The report, “The Insurance Industry in 2012,” says that while the emergence of “big data” will be a factor in many industries, the proliferation of technologies to manage and analyze massive data sets will be particularly important to the insurance industry. The report says big data offers insurers great promise to improve their overall performance by facilitating greater pricing accuracy, deeper relationships with customers, and more effective and efficient loss prevention.

While commercial insurers have always focused on loss control and risk management, the use of big data eventually may transform the commercial insurance business model, PwC predicts. “Carriers may no longer need to compete on price—they instead may be able to assess the risk of individual customers based on their actual behaviors,” the report states.

“This could enable the industry to return to policyholder-specific pricing because customers will no longer be able to game the market for better entry-point prices. Additionally, commercial insurance increasingly will be able to focus on providing customized, flexible products and value-added services that involve working with the clients to proactively avoid or reduce losses and manage risks,” the report states.

The data sets consumed by these tools will come from a variety of sources, including mobile devices, social networks and Internet-connected sensors placed on everything from buildings to bridges, said the report. Insurers must find ways to use these new streams of information to supplement traditional underwriting and policy data and improve business processes.

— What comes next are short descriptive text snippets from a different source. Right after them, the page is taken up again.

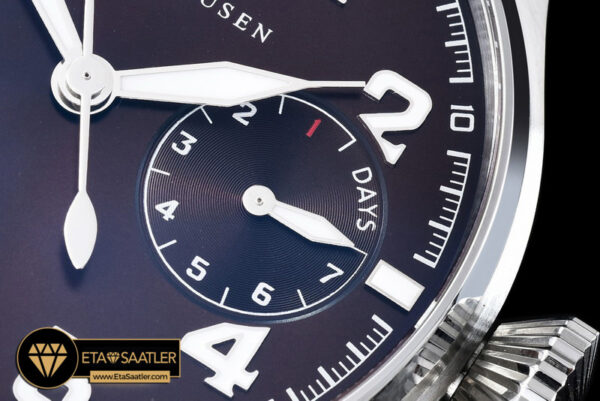 Iwc0318 big pilot st. exupery ssle brown zf a521111 iwc0318 4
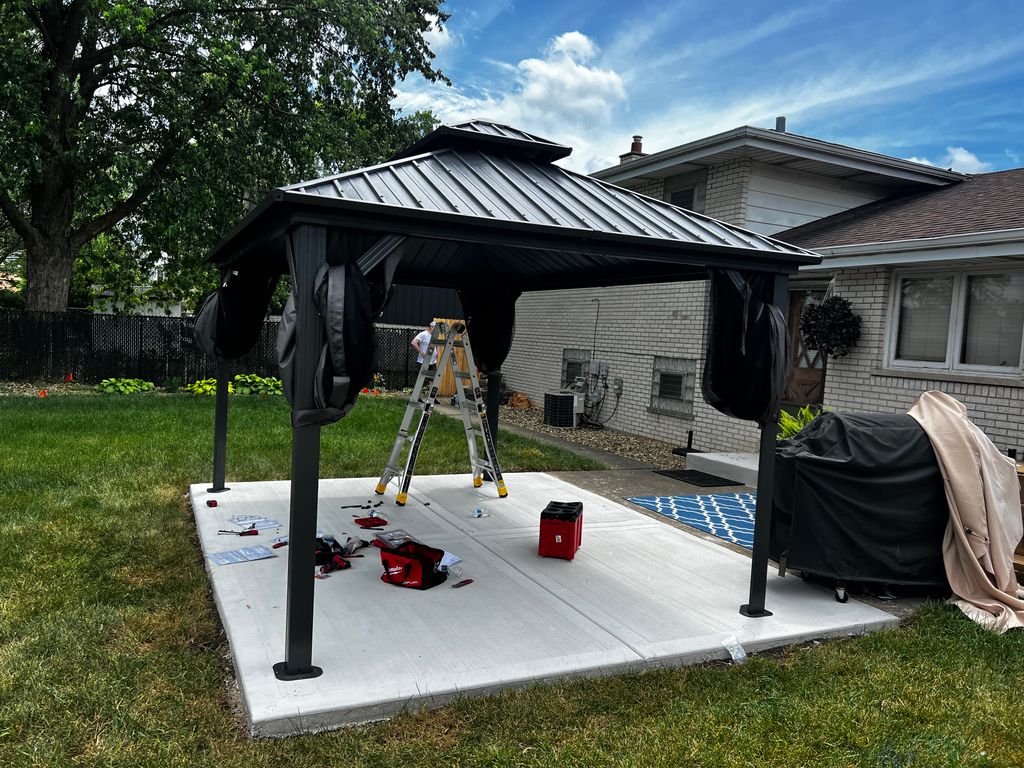 Projects and media
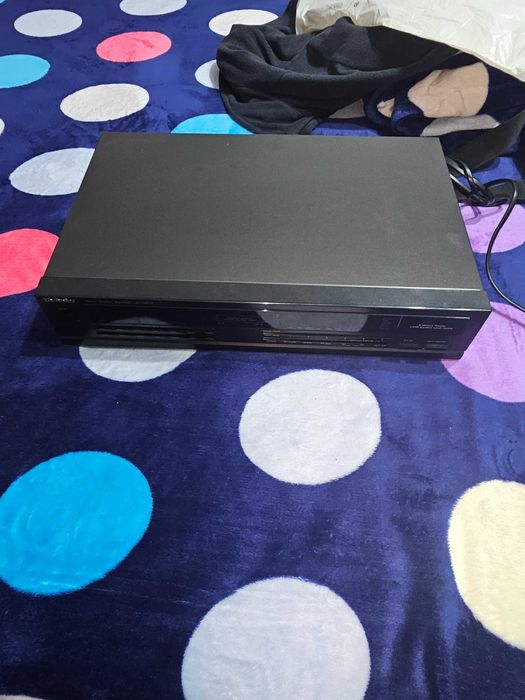 Vand egalizator technics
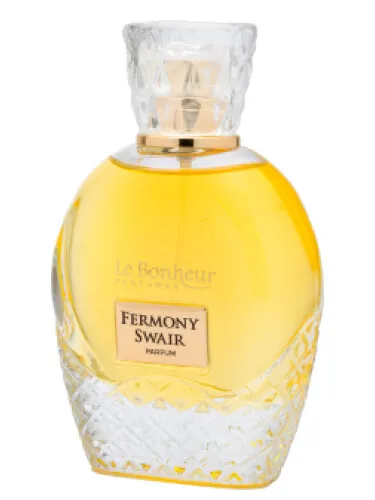 Fermony Swair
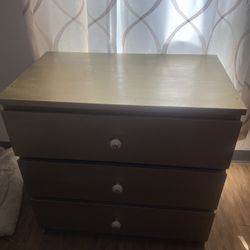 Night Stand/Chest. Must Sell ASAP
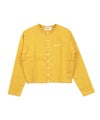 MUSTARD/OFF(MUS)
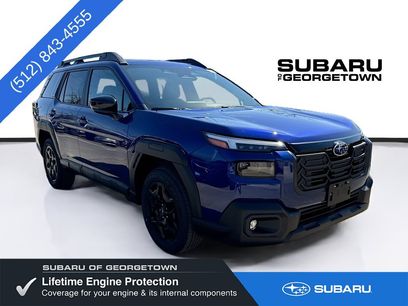 New 2026 Subaru Outback Limited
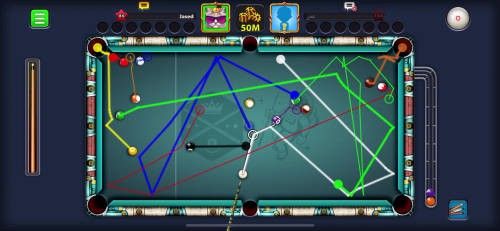 8 Ball Pool HACK free – Telegram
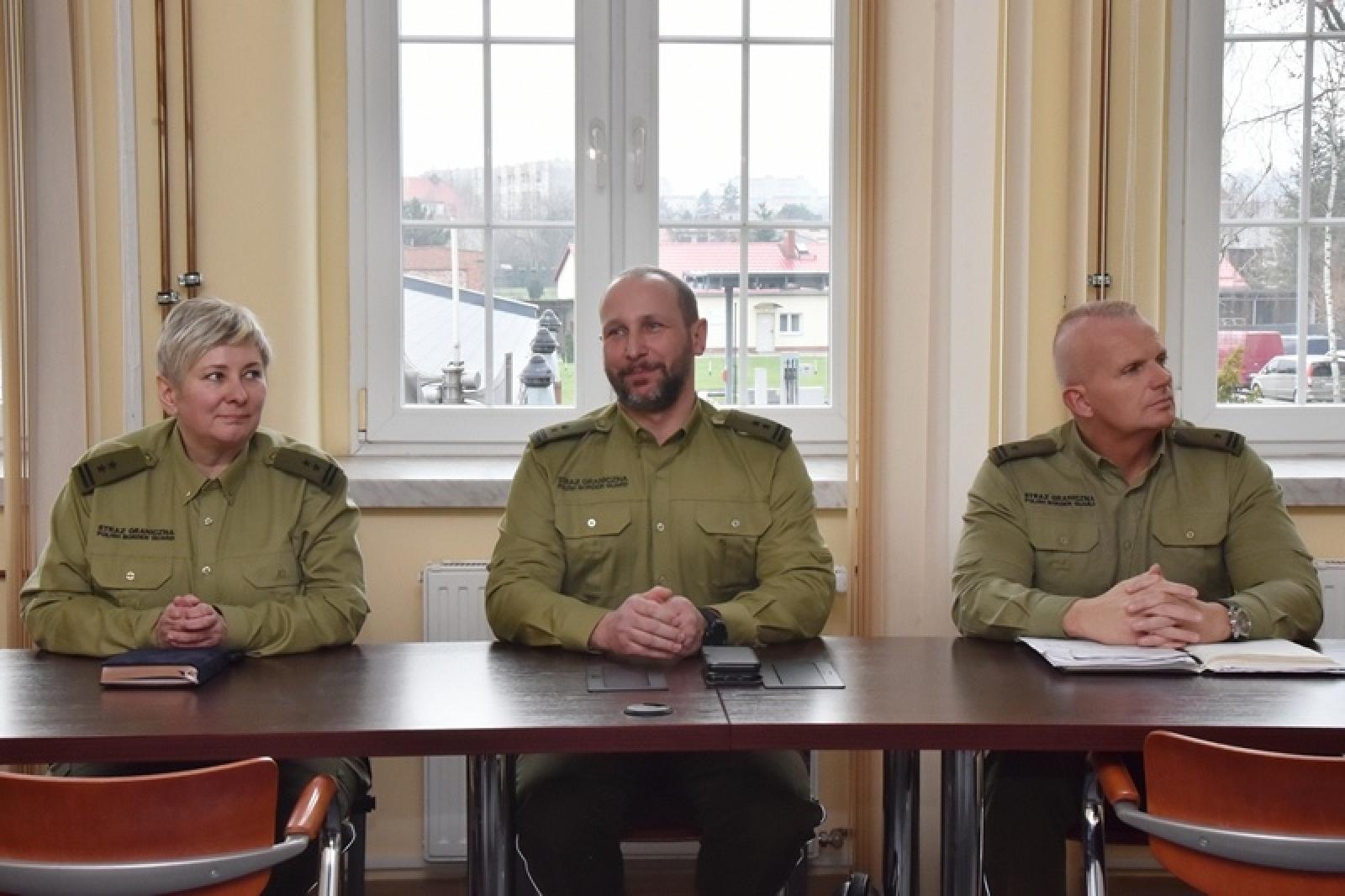 Zdjęcie w galerii na portalu naszraciborz.pl: Konsul Generalna Słowacji w Raciborzu wiadomości z regionu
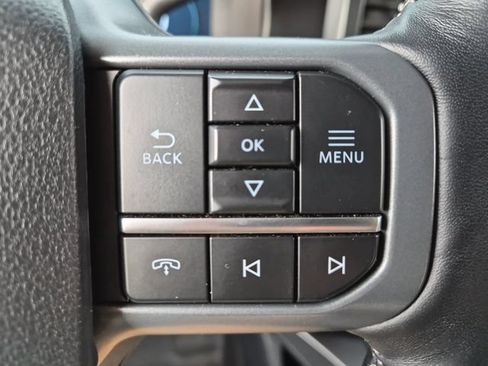 Used 2024 Ford F250 Lariat w/ Lariat Ultimate Package AWD/4WD image 20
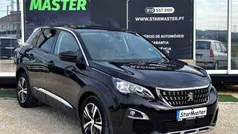 Usado 2020 Peugeot 3008 Allure | € 12.790 (Super Preço)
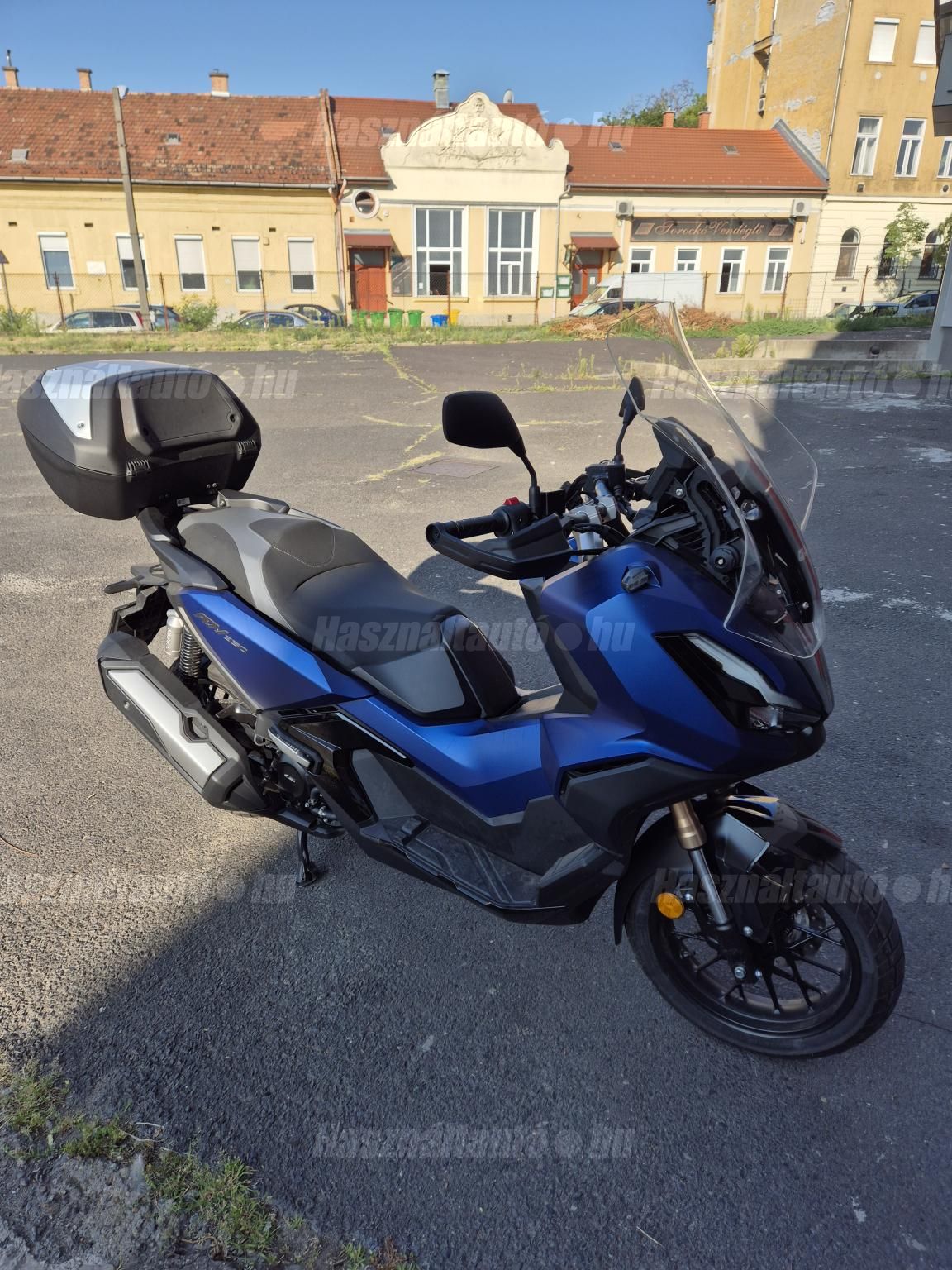 HONDA ADV 350 2024/4 - 1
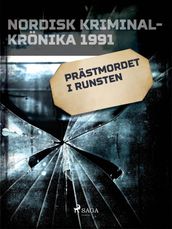 Prästmordet i Runsten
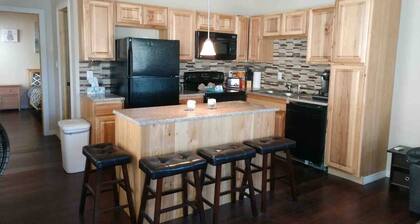 Cheyenne Frontier Homes #4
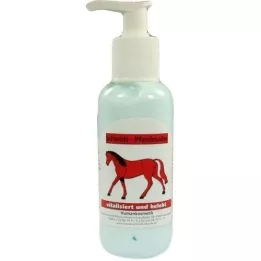 SCHMIDT Pomada para cavalo, 200 ml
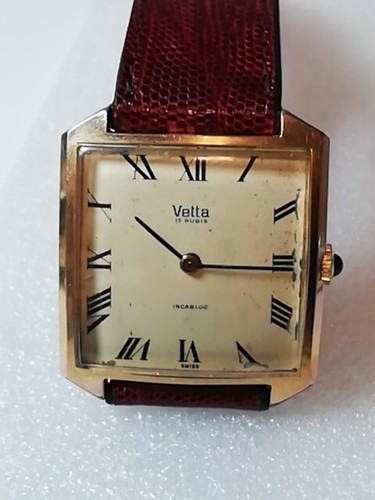 Vetta meccanico - ,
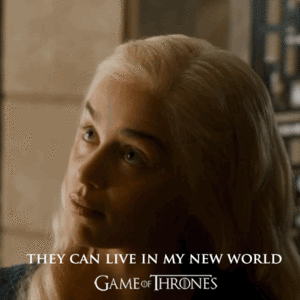 Game Of Thrones GIF. Games Game of thrones Tv Gifs Onhandig 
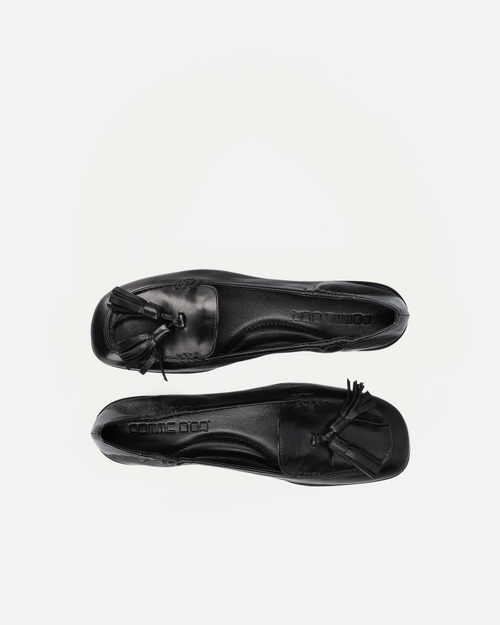 Simon 1247 | Glove Nero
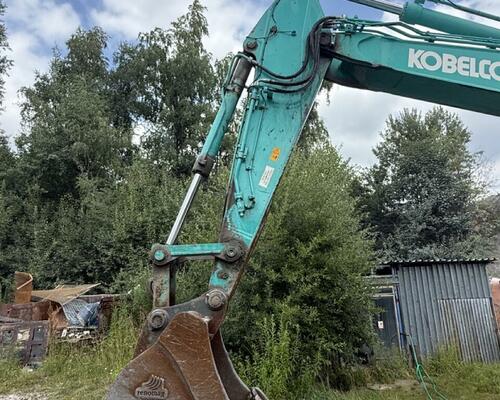 Kobelco SK500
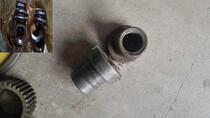 Shanghai Fifth Machine Bed Plant Middle Tier Z304 50 * 16 Rocker Drilling Machine Insurance Nut
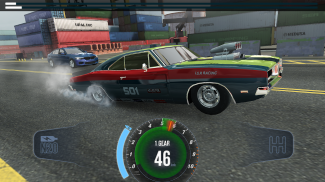 Drag Battle 2:  Race World screenshot 0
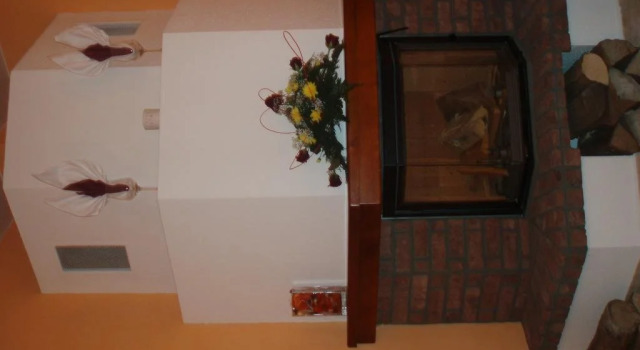 Hotel u Kapra, Rezerwuj Hotel Hotele w Kraj hradecki ze śniadaniem, Śniadanie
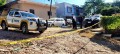 Hombre de 63 años es asesinado a balazos tras salir de su casa en Puerto Vallarta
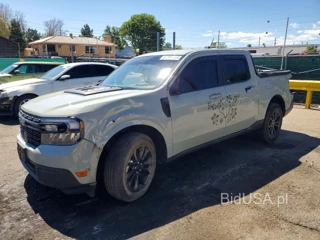 FORD MAVERICK LARIAT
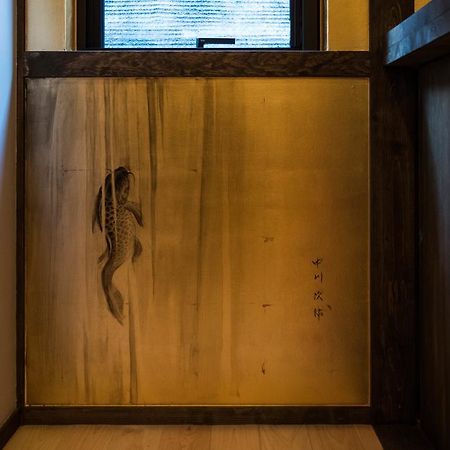 فيلا Kiraku Kyoto Gion المظهر الخارجي الصورة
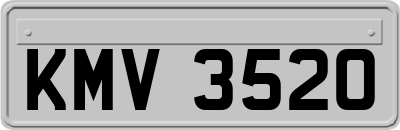 KMV3520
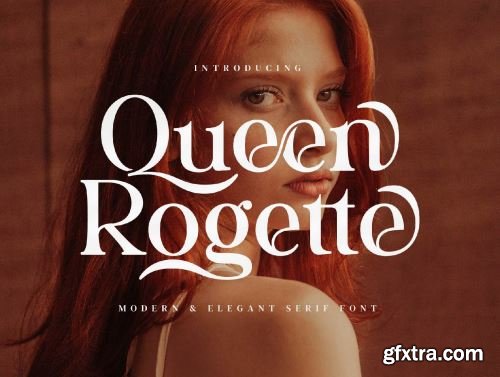 Queen Rogette Ui8.net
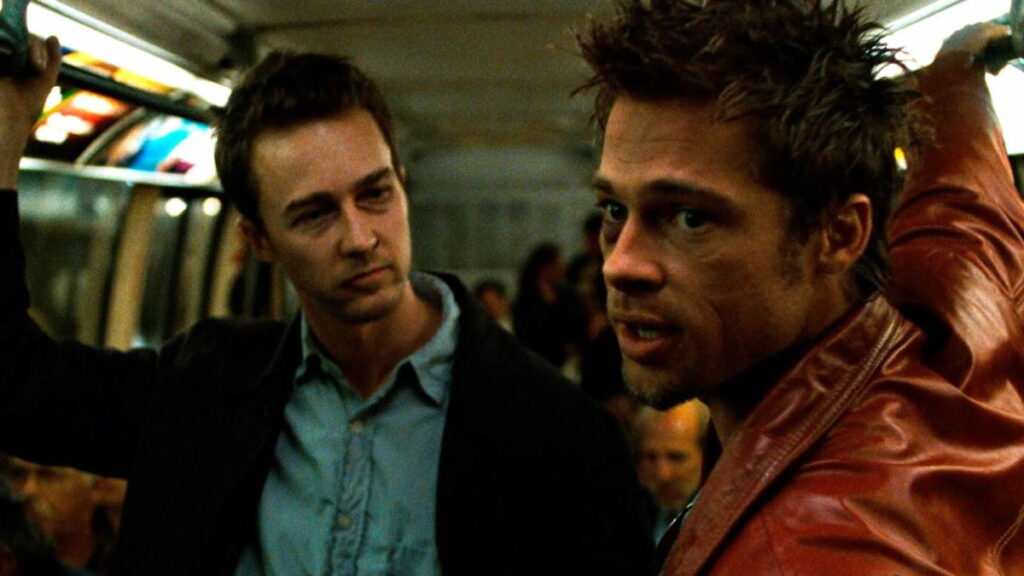 Fight Club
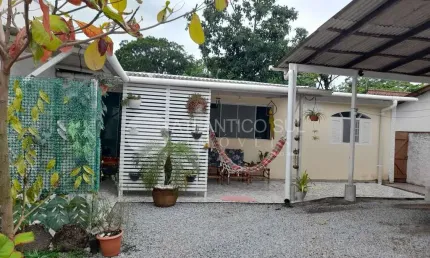 Casa com 2 dormitórios à venda, pontal do sul, pontal do parana - pr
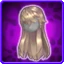野獸之王髮型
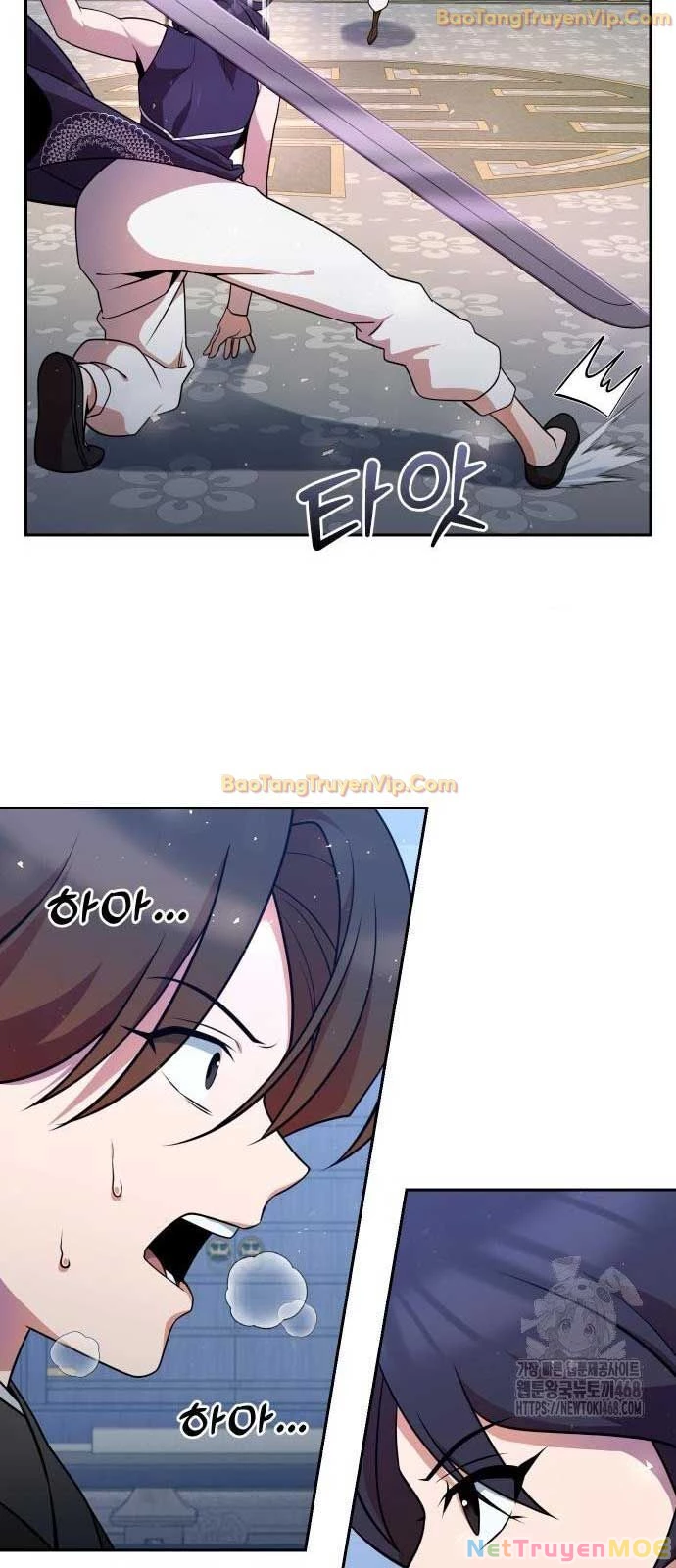 Hoạn Quan Hồi Quy: Tróc Phong Truy Nguyệt Chapter 30 - Trang 2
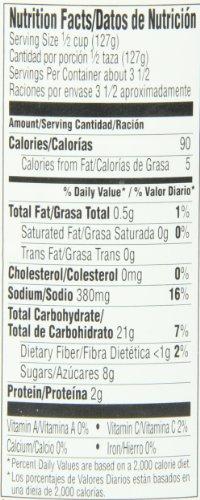 Green Giant Green Giant Cream Style Corn, 14.75-Ounce (Pack of 8)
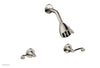Phylrich 3RING Two Handle Shower Set D3206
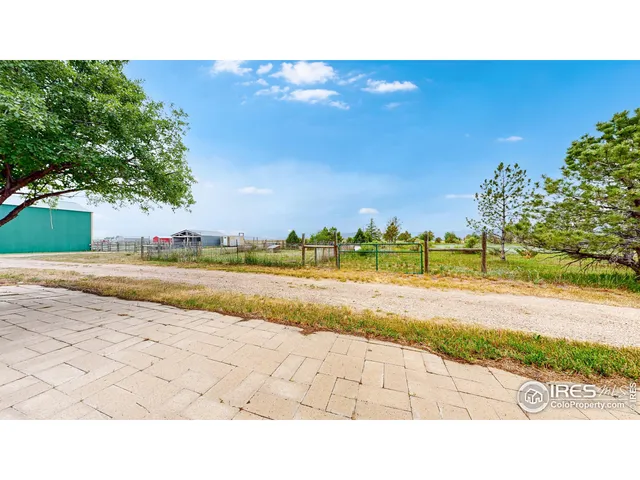 $1,295,000 | 6485 North Co Road 19, Fort Collins, CO 80524
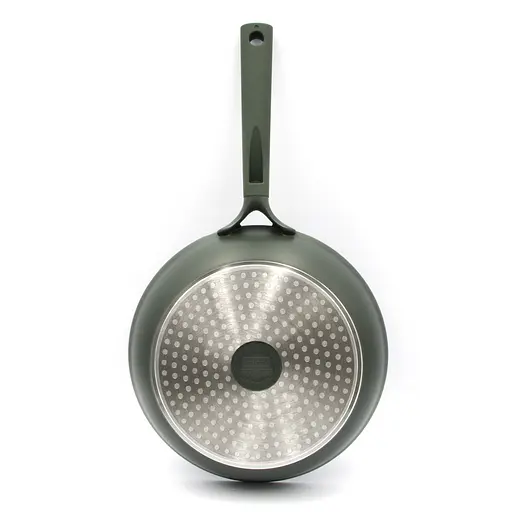 Сковородка Lessner Emerald XYLAN PLUS 20 см 88383-20 - фото 3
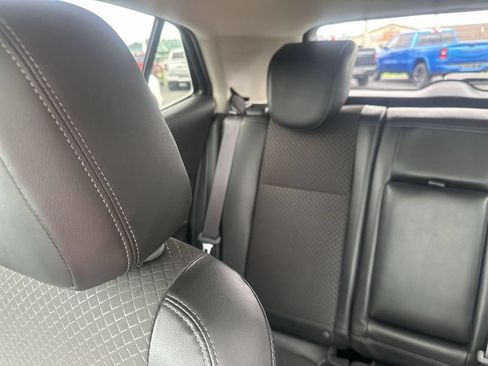 Used 2019 Buick Encore Sport Touring w/ Safety Package AWD/4WD image 12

“Insurers who intelligently harness this agglomeration of information will be able to better understand their customers and prospects, develop solutions—not push products—that address very specific customer needs, and build a foundation for a very positive customer experience,” said the report. “From a corporate performance standpoint, this will facilitate better pricing, optimization of marketing and contact management spending, sharper underwriting, improved retention, and better loss control.”